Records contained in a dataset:
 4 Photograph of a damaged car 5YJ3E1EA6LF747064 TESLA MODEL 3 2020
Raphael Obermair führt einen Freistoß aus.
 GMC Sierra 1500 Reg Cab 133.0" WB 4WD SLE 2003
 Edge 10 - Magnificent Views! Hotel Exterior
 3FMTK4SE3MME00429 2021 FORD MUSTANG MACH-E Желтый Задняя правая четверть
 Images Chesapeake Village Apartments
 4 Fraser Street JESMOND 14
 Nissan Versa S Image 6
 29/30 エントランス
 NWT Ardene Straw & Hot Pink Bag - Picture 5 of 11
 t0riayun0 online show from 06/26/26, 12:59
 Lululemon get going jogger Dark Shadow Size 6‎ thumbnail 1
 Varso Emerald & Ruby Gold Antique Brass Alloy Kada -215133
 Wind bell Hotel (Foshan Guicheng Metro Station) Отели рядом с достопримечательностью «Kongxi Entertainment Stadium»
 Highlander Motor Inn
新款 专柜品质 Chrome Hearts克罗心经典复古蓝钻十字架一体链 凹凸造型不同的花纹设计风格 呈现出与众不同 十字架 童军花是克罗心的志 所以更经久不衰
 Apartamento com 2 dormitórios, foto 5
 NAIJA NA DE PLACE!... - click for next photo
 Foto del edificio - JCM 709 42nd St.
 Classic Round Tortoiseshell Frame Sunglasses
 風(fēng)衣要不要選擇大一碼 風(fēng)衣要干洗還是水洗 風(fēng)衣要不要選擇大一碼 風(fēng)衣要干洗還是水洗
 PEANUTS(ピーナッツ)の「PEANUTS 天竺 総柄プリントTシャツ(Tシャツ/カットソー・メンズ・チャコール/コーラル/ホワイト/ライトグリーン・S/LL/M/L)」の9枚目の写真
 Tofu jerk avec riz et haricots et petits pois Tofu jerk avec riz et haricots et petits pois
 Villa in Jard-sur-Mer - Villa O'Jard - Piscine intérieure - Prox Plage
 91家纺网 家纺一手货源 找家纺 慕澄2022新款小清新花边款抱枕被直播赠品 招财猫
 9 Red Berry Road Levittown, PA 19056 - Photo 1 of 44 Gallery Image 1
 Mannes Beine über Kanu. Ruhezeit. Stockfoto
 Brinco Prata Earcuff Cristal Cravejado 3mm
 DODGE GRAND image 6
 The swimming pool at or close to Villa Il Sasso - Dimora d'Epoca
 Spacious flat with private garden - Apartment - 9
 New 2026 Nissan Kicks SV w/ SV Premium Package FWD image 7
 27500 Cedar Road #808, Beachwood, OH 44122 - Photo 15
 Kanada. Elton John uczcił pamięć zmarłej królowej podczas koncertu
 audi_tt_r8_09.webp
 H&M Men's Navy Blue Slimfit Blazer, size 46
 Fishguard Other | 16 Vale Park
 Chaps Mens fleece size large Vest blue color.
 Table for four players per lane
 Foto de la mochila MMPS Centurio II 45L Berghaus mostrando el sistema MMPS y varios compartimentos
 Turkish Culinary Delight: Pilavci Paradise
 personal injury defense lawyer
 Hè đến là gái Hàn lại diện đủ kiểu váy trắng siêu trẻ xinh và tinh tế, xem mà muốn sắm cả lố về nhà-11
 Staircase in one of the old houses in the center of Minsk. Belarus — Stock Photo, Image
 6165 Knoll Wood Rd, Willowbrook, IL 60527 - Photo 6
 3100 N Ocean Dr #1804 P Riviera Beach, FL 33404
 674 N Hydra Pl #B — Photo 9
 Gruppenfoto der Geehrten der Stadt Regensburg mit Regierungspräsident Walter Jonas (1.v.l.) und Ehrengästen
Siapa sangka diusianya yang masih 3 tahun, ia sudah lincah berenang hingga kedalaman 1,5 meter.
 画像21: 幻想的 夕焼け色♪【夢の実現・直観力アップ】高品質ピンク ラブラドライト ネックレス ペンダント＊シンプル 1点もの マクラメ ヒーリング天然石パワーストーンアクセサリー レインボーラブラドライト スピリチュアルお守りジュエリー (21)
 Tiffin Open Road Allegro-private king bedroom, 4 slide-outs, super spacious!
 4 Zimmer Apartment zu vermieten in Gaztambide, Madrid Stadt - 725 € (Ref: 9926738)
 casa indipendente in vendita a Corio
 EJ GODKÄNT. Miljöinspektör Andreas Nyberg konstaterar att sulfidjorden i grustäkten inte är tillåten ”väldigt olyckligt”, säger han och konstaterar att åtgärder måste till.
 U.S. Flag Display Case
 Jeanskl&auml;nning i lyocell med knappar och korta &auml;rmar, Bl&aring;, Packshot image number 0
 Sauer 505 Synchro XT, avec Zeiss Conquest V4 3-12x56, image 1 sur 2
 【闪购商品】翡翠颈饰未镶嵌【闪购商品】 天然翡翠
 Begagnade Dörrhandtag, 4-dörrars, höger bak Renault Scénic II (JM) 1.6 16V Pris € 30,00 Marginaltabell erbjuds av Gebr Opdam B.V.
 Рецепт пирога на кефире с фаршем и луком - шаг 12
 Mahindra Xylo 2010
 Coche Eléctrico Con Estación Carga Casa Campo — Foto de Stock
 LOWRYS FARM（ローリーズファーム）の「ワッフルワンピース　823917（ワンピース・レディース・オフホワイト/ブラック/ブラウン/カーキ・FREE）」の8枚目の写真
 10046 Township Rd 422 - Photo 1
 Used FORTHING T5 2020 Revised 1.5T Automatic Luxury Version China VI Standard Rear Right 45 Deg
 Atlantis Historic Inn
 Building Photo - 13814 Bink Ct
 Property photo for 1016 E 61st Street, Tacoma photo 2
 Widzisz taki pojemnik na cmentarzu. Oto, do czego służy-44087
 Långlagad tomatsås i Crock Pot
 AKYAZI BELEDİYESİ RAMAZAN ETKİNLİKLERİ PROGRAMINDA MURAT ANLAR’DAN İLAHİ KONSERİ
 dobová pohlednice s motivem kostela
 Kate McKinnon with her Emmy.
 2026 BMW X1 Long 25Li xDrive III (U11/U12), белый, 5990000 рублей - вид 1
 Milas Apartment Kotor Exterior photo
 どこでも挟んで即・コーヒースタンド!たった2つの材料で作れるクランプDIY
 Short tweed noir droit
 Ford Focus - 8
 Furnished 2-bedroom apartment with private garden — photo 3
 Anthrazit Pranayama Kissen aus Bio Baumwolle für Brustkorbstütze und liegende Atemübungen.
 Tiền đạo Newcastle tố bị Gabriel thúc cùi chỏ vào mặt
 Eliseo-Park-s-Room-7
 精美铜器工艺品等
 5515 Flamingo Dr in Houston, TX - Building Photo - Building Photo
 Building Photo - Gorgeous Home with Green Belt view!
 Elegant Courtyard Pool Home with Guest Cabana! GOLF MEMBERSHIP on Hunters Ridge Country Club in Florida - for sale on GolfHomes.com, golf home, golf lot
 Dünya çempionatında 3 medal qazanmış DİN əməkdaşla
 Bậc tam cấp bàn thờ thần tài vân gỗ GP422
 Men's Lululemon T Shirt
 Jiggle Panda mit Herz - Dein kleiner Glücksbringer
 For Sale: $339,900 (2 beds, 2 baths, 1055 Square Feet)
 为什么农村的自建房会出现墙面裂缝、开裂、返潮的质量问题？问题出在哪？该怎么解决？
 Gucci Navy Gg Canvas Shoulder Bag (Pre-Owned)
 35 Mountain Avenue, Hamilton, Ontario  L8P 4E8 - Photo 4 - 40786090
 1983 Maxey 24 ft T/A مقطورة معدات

* _What you are asked to do_
Output the data above without altering a line.

* _Result of this exercise_
 4 Photograph of a damaged car 5YJ3E1EA6LF747064 TESLA MODEL 3 2020
Raphael Obermair führt einen Freistoß aus.
 GMC Sierra 1500 Reg Cab 133.0" WB 4WD SLE 2003
 Edge 10 - Magnificent Views! Hotel Exterior
 3FMTK4SE3MME00429 2021 FORD MUSTANG MACH-E Желтый Задняя правая четверть
 Images Chesapeake Village Apartments
 4 Fraser Street JESMOND 14
 Nissan Versa S Image 6
 29/30 エントランス
 NWT Ardene Straw & Hot Pink Bag - Picture 5 of 11
 t0riayun0 online show from 06/26/26, 12:59
 Lululemon get going jogger Dark Shadow Size 6‎ thumbnail 1
 Varso Emerald & Ruby Gold Antique Brass Alloy Kada -215133
 Wind bell Hotel (Foshan Guicheng Metro Station) Отели рядом с достопримечательностью «Kongxi Entertainment Stadium»
 Highlander Motor Inn
新款 专柜品质 Chrome Hearts克罗心经典复古蓝钻十字架一体链 凹凸造型不同的花纹设计风格 呈现出与众不同 十字架 童军花是克罗心的志 所以更经久不衰
 Apartamento com 2 dormitórios, foto 5
 NAIJA NA DE PLACE!... - click for next photo
 Foto del edificio - JCM 709 42nd St.
 Classic Round Tortoiseshell Frame Sunglasses
 風(fēng)衣要不要選擇大一碼 風(fēng)衣要干洗還是水洗 風(fēng)衣要不要選擇大一碼 風(fēng)衣要干洗還是水洗
 PEANUTS(ピーナッツ)の「PEANUTS 天竺 総柄プリントTシャツ(Tシャツ/カットソー・メンズ・チャコール/コーラル/ホワイト/ライトグリーン・S/LL/M/L)」の9枚目の写真
 Tofu jerk avec riz et haricots et petits pois Tofu jerk avec riz et haricots et petits pois
 Villa in Jard-sur-Mer - Villa O'Jard - Piscine intérieure - Prox Plage
 91家纺网 家纺一手货源 找家纺 慕澄2022新款小清新花边款抱枕被直播赠品 招财猫
 9 Red Berry Road Levittown, PA 19056 - Photo 1 of 44 Gallery Image 1
 Mannes Beine über Kanu. Ruhezeit. Stockfoto
 Brinco Prata Earcuff Cristal Cravejado 3mm
 DODGE GRAND image 6
 The swimming pool at or close to Villa Il Sasso - Dimora d'Epoca
 Spacious flat with private garden - Apartment - 9
 New 2026 Nissan Kicks SV w/ SV Premium Package FWD image 7
 27500 Cedar Road #808, Beachwood, OH 44122 - Photo 15
 Kanada. Elton John uczcił pamięć zmarłej królowej podczas koncertu
 audi_tt_r8_09.webp
 H&M Men's Navy Blue Slimfit Blazer, size 46
 Fishguard Other | 16 Vale Park
 Chaps Mens fleece size large Vest blue color.
 Table for four players per lane
 Foto de la mochila MMPS Centurio II 45L Berghaus mostrando el sistema MMPS y varios compartimentos
 Turkish Culinary Delight: Pilavci Paradise
 personal injury defense lawyer
 Hè đến là gái Hàn lại diện đủ kiểu váy trắng siêu trẻ xinh và tinh tế, xem mà muốn sắm cả lố về nhà-11
 Staircase in one of the old houses in the center of Minsk. Belarus — Stock Photo, Image
 6165 Knoll Wood Rd, Willowbrook, IL 60527 - Photo 6
 3100 N Ocean Dr #1804 P Riviera Beach, FL 33404
 674 N Hydra Pl #B — Photo 9
 Gruppenfoto der Geehrten der Stadt Regensburg mit Regierungspräsident Walter Jonas (1.v.l.) und Ehrengästen
Siapa sangka diusianya yang masih 3 tahun, ia sudah lincah berenang hingga kedalaman 1,5 meter.
 画像21: 幻想的 夕焼け色♪【夢の実現・直観力アップ】高品質ピンク ラブラドライト ネックレス ペンダント＊シンプル 1点もの マクラメ ヒーリング天然石パワーストーンアクセサリー レインボーラブラドライト スピリチュアルお守りジュエリー (21)
 Tiffin Open Road Allegro-private king bedroom, 4 slide-outs, super spacious!
 4 Zimmer Apartment zu vermieten in Gaztambide, Madrid Stadt - 725 € (Ref: 9926738)
 casa indipendente in vendita a Corio
 EJ GODKÄNT. Miljöinspektör Andreas Nyberg konstaterar att sulfidjorden i grustäkten inte är tillåten ”väldigt olyckligt”, säger han och konstaterar att åtgärder måste till.
 U.S. Flag Display Case
 Jeanskl&auml;nning i lyocell med knappar och korta &auml;rmar, Bl&aring;, Packshot image number 0
 Sauer 505 Synchro XT, avec Zeiss Conquest V4 3-12x56, image 1 sur 2
 【闪购商品】翡翠颈饰未镶嵌【闪购商品】 天然翡翠
 Begagnade Dörrhandtag, 4-dörrars, höger bak Renault Scénic II (JM) 1.6 16V Pris € 30,00 Marginaltabell erbjuds av Gebr Opdam B.V.
 Рецепт пирога на кефире с фаршем и луком - шаг 12
 Mahindra Xylo 2010
 Coche Eléctrico Con Estación Carga Casa Campo — Foto de Stock
 LOWRYS FARM（ローリーズファーム）の「ワッフルワンピース　823917（ワンピース・レディース・オフホワイト/ブラック/ブラウン/カーキ・FREE）」の8枚目の写真
 10046 Township Rd 422 - Photo 1
 Used FORTHING T5 2020 Revised 1.5T Automatic Luxury Version China VI Standard Rear Right 45 Deg
 Atlantis Historic Inn
 Building Photo - 13814 Bink Ct
 Property photo for 1016 E 61st Street, Tacoma photo 2
 Widzisz taki pojemnik na cmentarzu. Oto, do czego służy-44087
 Långlagad tomatsås i Crock Pot
 AKYAZI BELEDİYESİ RAMAZAN ETKİNLİKLERİ PROGRAMINDA MURAT ANLAR’DAN İLAHİ KONSERİ
 dobová pohlednice s motivem kostela
 Kate McKinnon with her Emmy.
 2026 BMW X1 Long 25Li xDrive III (U11/U12), белый, 5990000 рублей - вид 1
 Milas Apartment Kotor Exterior photo
 どこでも挟んで即・コーヒースタンド!たった2つの材料で作れるクランプDIY
 Short tweed noir droit
 Ford Focus - 8
 Furnished 2-bedroom apartment with private garden — photo 3
 Anthrazit Pranayama Kissen aus Bio Baumwolle für Brustkorbstütze und liegende Atemübungen.
 Tiền đạo Newcastle tố bị Gabriel thúc cùi chỏ vào mặt
 Eliseo-Park-s-Room-7
 精美铜器工艺品等
 5515 Flamingo Dr in Houston, TX - Building Photo - Building Photo
 Building Photo - Gorgeous Home with Green Belt view!
 Elegant Courtyard Pool Home with Guest Cabana! GOLF MEMBERSHIP on Hunters Ridge Country Club in Florida - for sale on GolfHomes.com, golf home, golf lot
 Dünya çempionatında 3 medal qazanmış DİN əməkdaşla
 Bậc tam cấp bàn thờ thần tài vân gỗ GP422
 Men's Lululemon T Shirt
 Jiggle Panda mit Herz - Dein kleiner Glücksbringer
 For Sale: $339,900 (2 beds, 2 baths, 1055 Square Feet)
 为什么农村的自建房会出现墙面裂缝、开裂、返潮的质量问题？问题出在哪？该怎么解决？
 Gucci Navy Gg Canvas Shoulder Bag (Pre-Owned)
 35 Mountain Avenue, Hamilton, Ontario  L8P 4E8 - Photo 4 - 40786090
 1983 Maxey 24 ft T/A مقطورة معدات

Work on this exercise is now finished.